Postby Chloe Alviz 1E » Tue Jan 14, 2020 9:39 pm

A reaction mixture that consisted of 0.400 mol H2and 1.60 mol I2 was introduced into a flask of volume 3.00 L and heated. At equilibrium, 60.0% of the hydrogen gas had reacted. What is the equilibrium constant K for the reaction H2(g) + I2(g) <=> 2 HI(g) at this temperature?

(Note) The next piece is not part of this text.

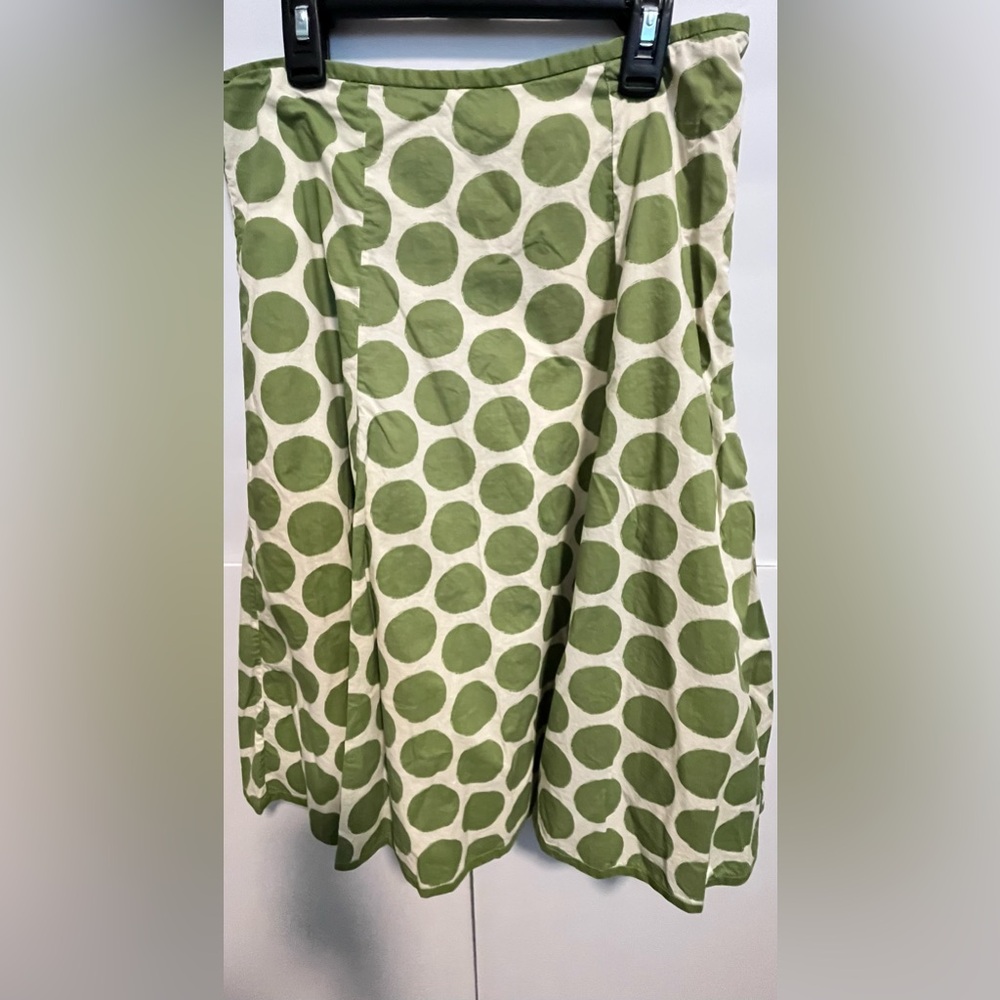 BODEN Women’s Green & Cream Polka Dot A- Line Retro Style Midi Skirt Size 8L - Picture 2 of 13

Can someone help me through this question? I'm not sure where to start.

Daria Azizad 1K
Posts: 116
Joined: Thu Jul 25, 2019 12:15 am

Re: 5I.19

Postby Daria Azizad 1K » Tue Jan 14, 2020 9:55 pm

To solve this problem, you need to make an ICE table. The initial concentrations of H2 and I2 can be found by dividing the number of moles by the volume of the flask. Then, we can find H2's equilibrium concentration by multiplying its initial value by 0.6. If we say that the concentration of H2 changed by x, we can then solve for x:
initial - x = final
Once we have our x value, we can also solve for the eq concentration of I2, which decreased by x, and HI which increased from 0 to 2x.

Harry Zhang 1B
Posts: 101
Joined: Sat Sep 14, 2019 12:16 am

Re: 5I.19

Postby Harry Zhang 1B » Tue Jan 14, 2020 10:06 pm

First, calculate the molar concentration of H2 and I2 in the flask, which is n/v. From there, since the question says that 60% of the hydrogen gas reacted at equilibrium, it means that to reach equilibrium, H2 reduced by 0.6 of its original concentration. Therefore you will multiply 0.6 by the molar concentration of H2 to find out the C(change) in your ICE box; this value would then also represent the change for I2 since their stoichiometric coefficients are the same. The change for HI will be two times the change in reactants. From there, you can use the [HI]^2/[H2][I2] to calculate Kc.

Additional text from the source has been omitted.